(GIVEN RECORDS)

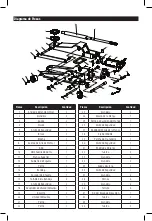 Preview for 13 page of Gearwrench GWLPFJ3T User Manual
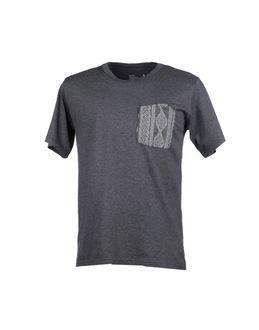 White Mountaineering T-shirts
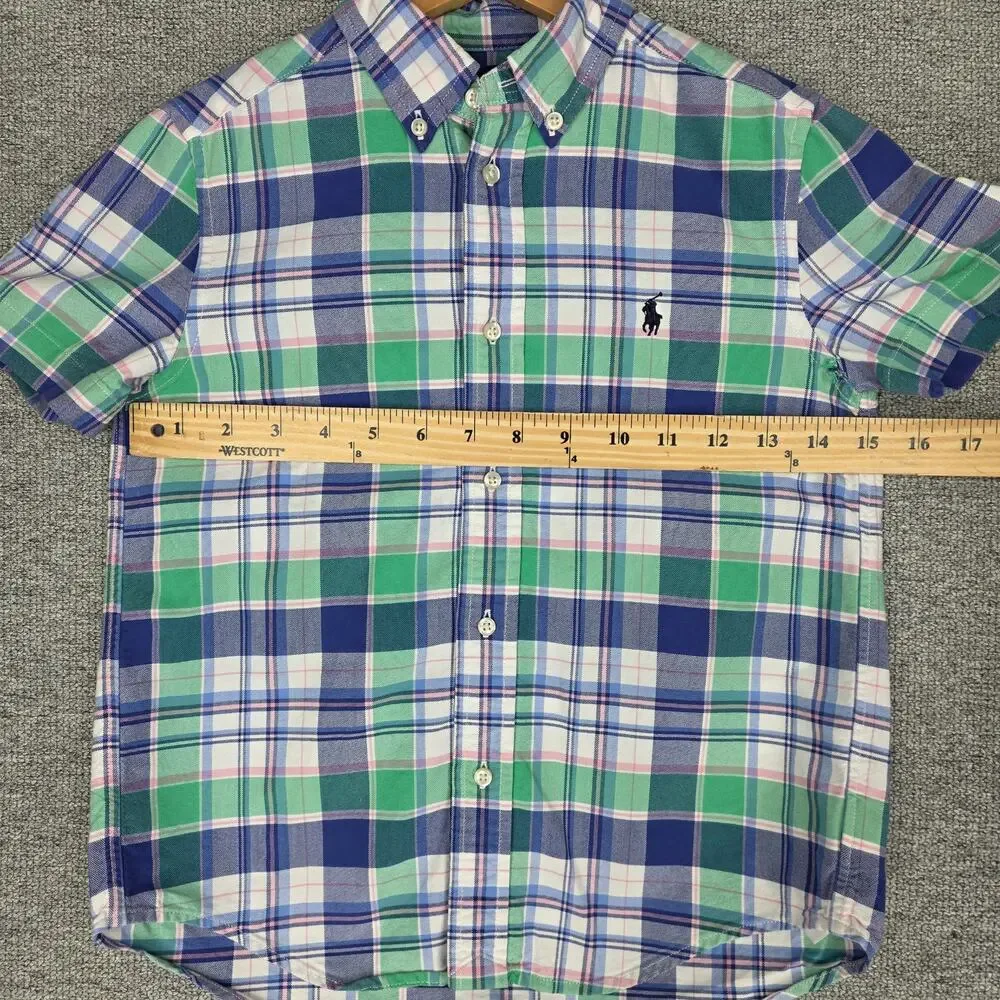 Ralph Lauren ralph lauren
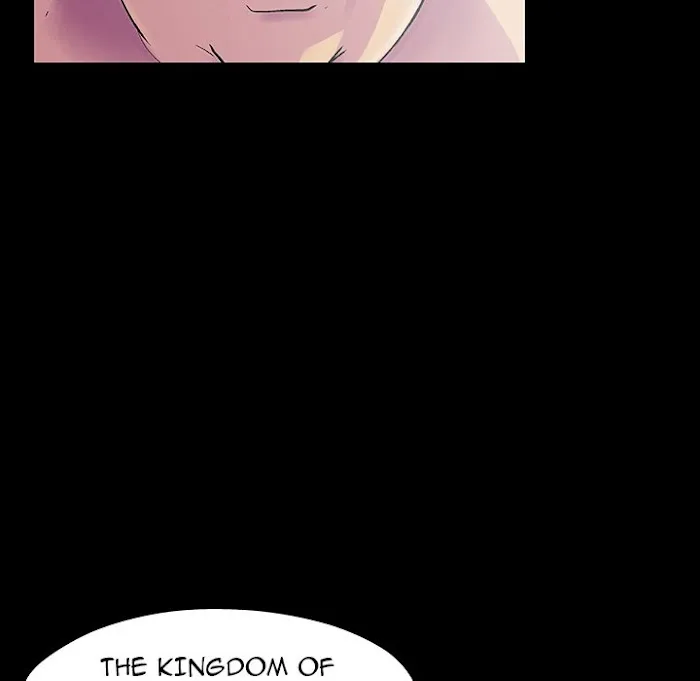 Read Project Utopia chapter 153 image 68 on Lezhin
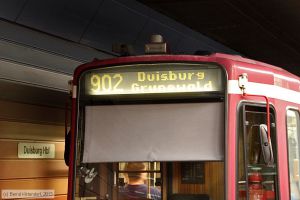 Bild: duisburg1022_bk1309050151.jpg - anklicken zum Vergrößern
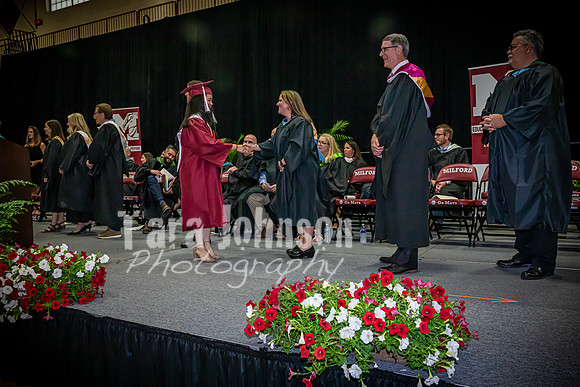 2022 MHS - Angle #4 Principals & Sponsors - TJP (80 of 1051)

(End GIVEN RECORDS)
(GIVEN RECORDS)

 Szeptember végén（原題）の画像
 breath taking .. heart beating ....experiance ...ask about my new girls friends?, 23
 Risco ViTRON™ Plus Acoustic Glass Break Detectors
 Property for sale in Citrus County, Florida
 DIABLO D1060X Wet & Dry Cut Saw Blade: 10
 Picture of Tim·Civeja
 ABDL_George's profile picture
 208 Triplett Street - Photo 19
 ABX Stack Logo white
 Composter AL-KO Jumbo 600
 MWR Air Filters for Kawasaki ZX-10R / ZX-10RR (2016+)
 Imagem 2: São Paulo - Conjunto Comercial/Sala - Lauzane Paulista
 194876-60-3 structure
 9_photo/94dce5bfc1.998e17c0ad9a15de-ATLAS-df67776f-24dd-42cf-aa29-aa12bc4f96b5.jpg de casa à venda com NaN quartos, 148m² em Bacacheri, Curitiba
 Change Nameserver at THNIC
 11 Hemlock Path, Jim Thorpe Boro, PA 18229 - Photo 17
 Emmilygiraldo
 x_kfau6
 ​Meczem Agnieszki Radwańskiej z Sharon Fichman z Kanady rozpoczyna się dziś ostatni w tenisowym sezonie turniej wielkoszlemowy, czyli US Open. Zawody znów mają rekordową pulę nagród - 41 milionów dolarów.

(End GIVEN RECORDS)
(GIVEN RECORDS)

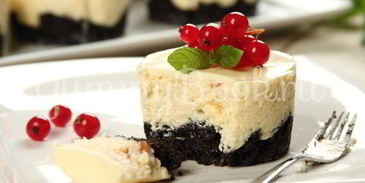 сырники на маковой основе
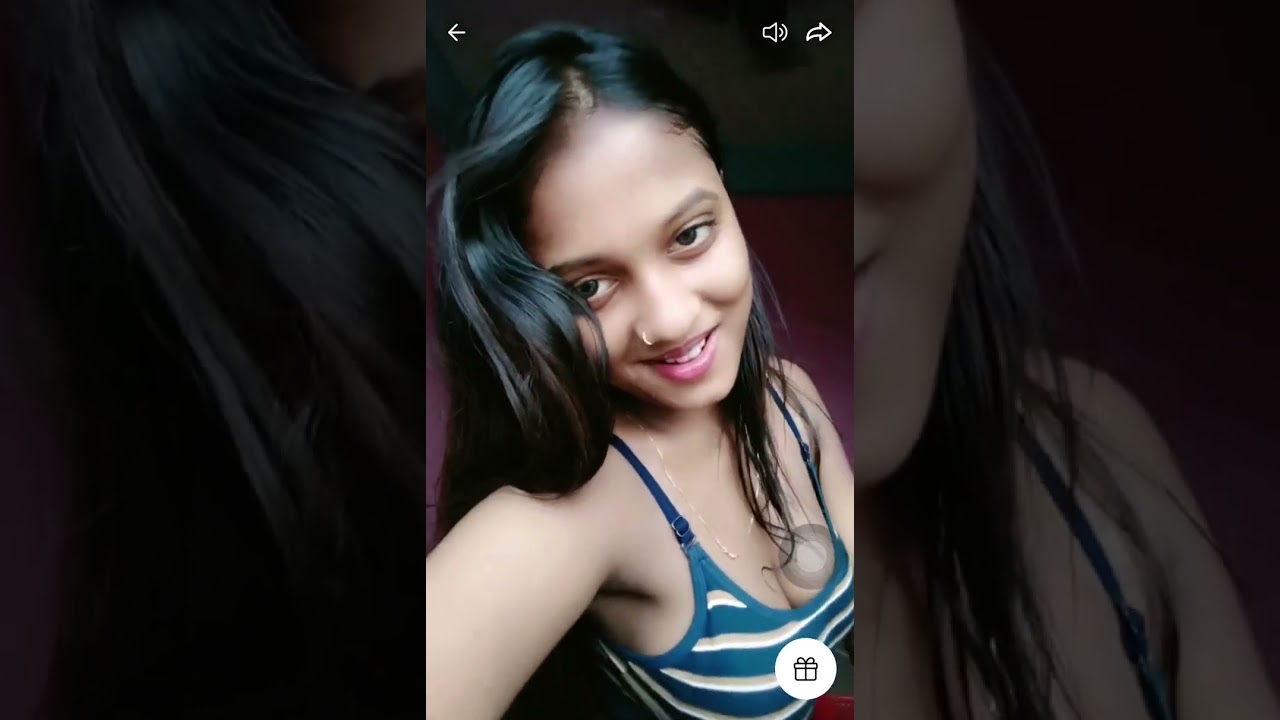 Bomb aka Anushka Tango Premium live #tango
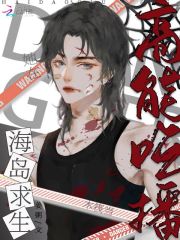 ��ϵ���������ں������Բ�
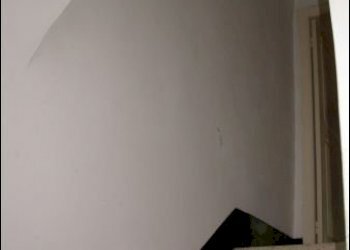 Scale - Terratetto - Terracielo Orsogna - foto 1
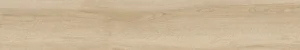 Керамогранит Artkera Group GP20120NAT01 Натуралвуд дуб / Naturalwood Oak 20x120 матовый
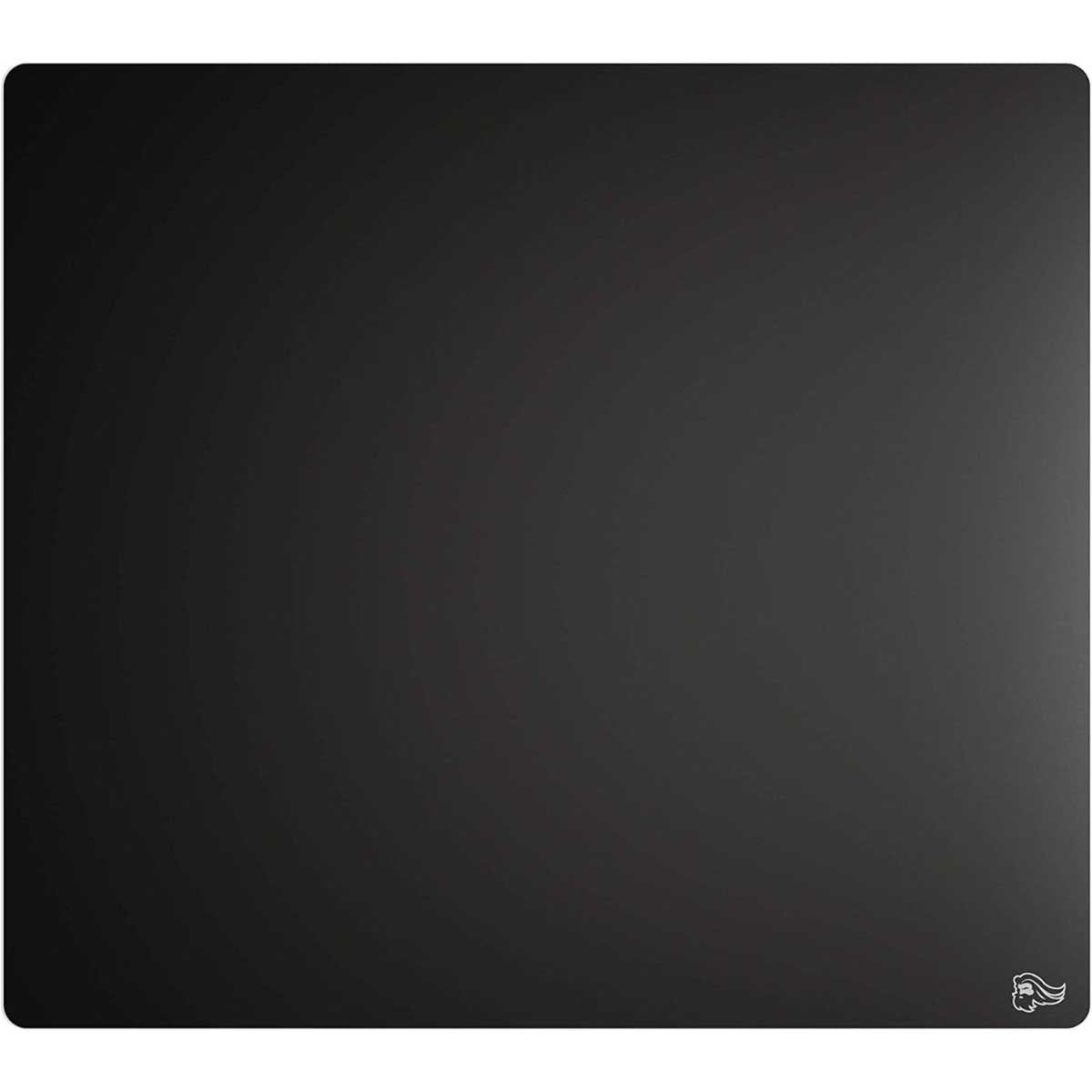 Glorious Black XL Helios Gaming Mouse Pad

(End GIVEN RECORDS)

An exact, complete copy of the lines above from the one with "MWR Air Filters" through the one with "41 milionów dolarów." is the whole answer.

 MWR Air Filters for Kawasaki ZX-10R / ZX-10RR (2016+)
 Imagem 2: São Paulo - Conjunto Comercial/Sala - Lauzane Paulista
 194876-60-3 structure
 9_photo/94dce5bfc1.998e17c0ad9a15de-ATLAS-df67776f-24dd-42cf-aa29-aa12bc4f96b5.jpg de casa à venda com NaN quartos, 148m² em Bacacheri, Curitiba
 Change Nameserver at THNIC
 11 Hemlock Path, Jim Thorpe Boro, PA 18229 - Photo 17
 Emmilygiraldo
 x_kfau6
 ​Meczem Agnieszki Radwańskiej z Sharon Fichman z Kanady rozpoczyna się dziś ostatni w tenisowym sezonie turniej wielkoszlemowy, czyli US Open. Zawody znów mają rekordową pulę nagród - 41 milionów dolarów.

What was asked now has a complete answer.